Hear that noise? It’s the seismic shift of physicians joining organized systems such as Integrated Delivery Networks (IDNs), Integrated Health Networks (IHNs) and Accountable Care Organizations (ACOs)—and the door closing on some of the pharmaceutical industry’s most tried-and-true engagement strategies. In fact, recent data from a survey of more than 3,000 physicians found that 57% of all physicians in the U.S. are practicing within health systems.1
This shift is placing a greater burden on health systems to educate physicians on formulary parameters and best practices for prescribing medications—and it highlights opportunities for pharmaceutical manufacturers to find creative yet effective ways to help fill this gap. After all, while the vast majority (90%) of organized providers believe pharma partnerships have the potential to improve quality of care, less than half say they are currently partnering with pharma on any performance improvement initiatives.2
Digital strategies can help open the door to these partnerships, helping pharma manufacturers stay relevant and top-of-mind amidst these market changes, while offering real value to physicians and the health systems that employ them. Pharma companies need to transform their product-centric message to a therapeutic/disease management focused approach—one that aligns with the challenges health systems face in improving care delivery and that supports practicing physicians’ need to be successful in these new delivery models.
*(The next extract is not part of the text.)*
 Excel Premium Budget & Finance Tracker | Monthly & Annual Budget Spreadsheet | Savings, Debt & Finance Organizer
“The vast majority of our physicians do not understand the business challenges we face,” says one organized physician member of our online physician community. “I believe the newer graduates have the best grasp of the business side and we are actively trying to catch up our physicians who have been in practice longer.”
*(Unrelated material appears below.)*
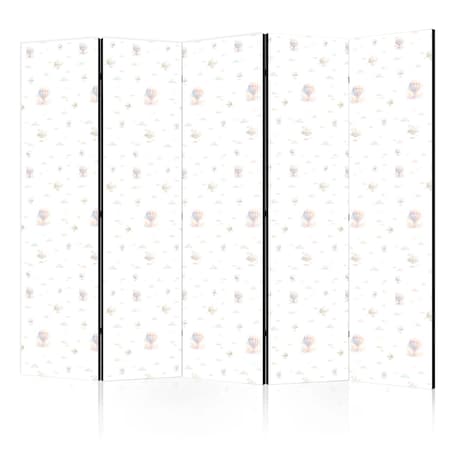 Parawan dwustronny Dla dzieci 225x172 cm 5-częściowy czarny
These health systems value efficiency, which often takes the form of carefully controlled prescribing procedures and limited contact with pharmaceutical sales representatives. In fact, the percentage of physicians who “never see” pharma reps jumped from 27% to 32%, an 18% increase over just the past year and the trend is consistent across PCPs and specialists.3
Physicians are feeling the impact of this restriction on product knowledge. “The real question you need to ask now that they [pharma reps] are gone is: ‘Are you more or less educated about new drugs and drug classes?’” says another online community physician member. “How do you decide which product/drug you prescribe for each and every patient type?”
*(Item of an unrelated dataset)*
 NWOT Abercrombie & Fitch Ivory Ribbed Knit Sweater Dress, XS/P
But beyond the need for new drug therapy knowledge, organized physicians also need access to the information that will help them succeed in these new care delivery models—not just product information, but content that effectively educates and impacts physician behaviors.
Digital strategies bridge this divide between physicians and their employers, as well as the gap between prescribers and the manufacturers. Today, 76% of organized physicians say they prefer to get their information from digital channels over in-person representatives, print media and phone links. This preference for digital increases to 83% among physicians with less than 10 years of experience.4 A successful digital strategy that engages these physicians and helps inspire behavior change must be:
- Convenient: Given time-strapped schedules, physicians need concise content on the topics that matter to them, available whenever and wherever they want it. Mobile access is not just a nice-to-have; it’s one of the main ways providers seek out information.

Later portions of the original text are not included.